Yup. Penn State was able to rally in the second half, but the first half was sloppy and disconcerting. During one memorable three-and-out, Penn State’s offensive line committed three penalties. The play-calling wasn’t exactly inspired, either.

Drive 1: Completion for a loss, completion for a loss, completion short of a first down. Punt.

Drive 3 (after converting the first third down of the game): Run for 1 yard, run for 2 yards, run for minus-1 yard. Punt.

You get the idea.
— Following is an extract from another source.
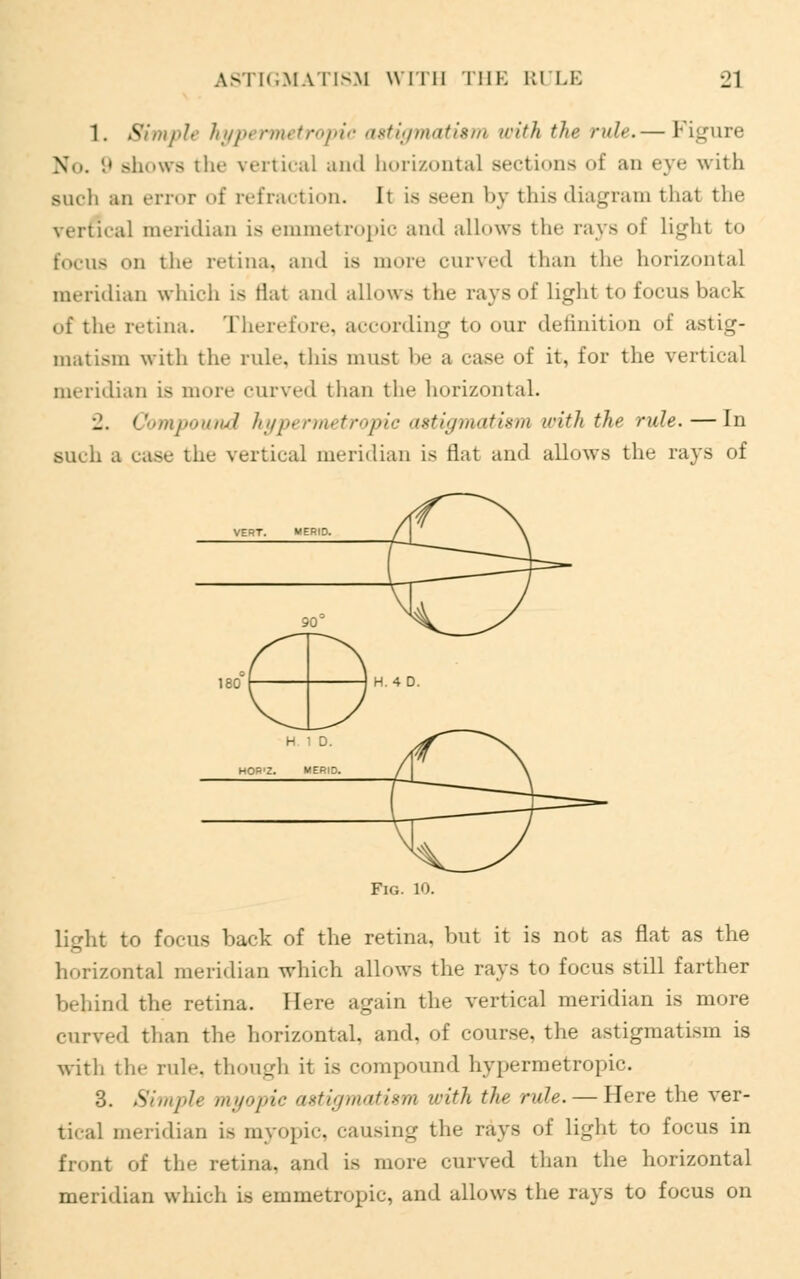 1. Simple hypermetropic astigmatism with the rule.— Figure No. 9 shows the vertical and horizontal sections of an eye with siu-li an error of refraction. It is seen by this diagram that the vertical meridian is emmetropic and allows the rays of light to torus on the retina, and is more curved than the horizontal meridian which is flat and allows the rays of light to focus back of the retina. Therefore, according to our definition of astig- matism with the rule, this must be a case of it, for the vertical meridian is more curved than the horizontal. •1. Compound hypermetropic astigmatism with the rule. — In such a case the vertical meridian is flat and allows the rays of light to focus hack of the retina, but it is not as flat as the horizontal meridian which allows the rays to focus still farther behind the retina. Here again the vertical meridian is more curved than the horizontal, and. of course, the astigmatism is with the rule, though it is compound hypermetropic. 3. Simple myopic astigmatism with the rule. — Here the ver- tical meridian is myopic, causing the rays of light to focus in front of the retina, and is more curved than the horizontal meridian which is emmetropic, and allows the rays to focus on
The defense wasn’t immune either as, we go into detail below, allowing a 96-yard TD drive right before halftime did not help matters.

T.O.P./Defense not getting off field: If you want to know how Buffalo stayed in the game for so long, just take a look at the time of possession: Buffalo had the ball for 42:32 to Penn State’s 17:28. That’s striking.

Last season, the defense let up at key times in the game — and Saturday was no exception. In the closing minutes of the first half, Penn State allowed a 10-play, 96-yard touchdown drive that gave the Bulls the edge at halftime.

The Bulls converted a third-and-5 and a third-and-8 on the drive — by throwing for 29 and 40 yards, respectively. Throughout the game, the Nittany Lions couldn’t make key stops so they were forced to stay on the field.

Saturday wasn’t a good look. The defense allowed only 13 points but, against better teams, it’ll have to come up in more clutch situations — or it’ll be a long day.

Buffalo punter’s injury: In the third quarter, Evan Finegan attempted to punt with a speedy Journey Brown bearing down upon him — and Finegan’s leg collided with Brown, resulting in a compound-bone fracture. We’ll spare you the more gruesome details, but the TV broadcast declined to show the replay.

Finegan is reportedly undergoing surgery Sunday to repair a broken fibula and tibia. And he sent out a tweet Sunday asking for prayers.

You hate to see any kind of injury in athletics, but this one was especially serious. The CDT wishes Finegan a speedy recovery — and we’re sure James Franklin and Nittany Nation agree.

“Anything that we can do to help support them while they are in town, we want to make sure that we do that,” Franklin said at the start of Saturday night’s press conference. “But our thoughts are with him.”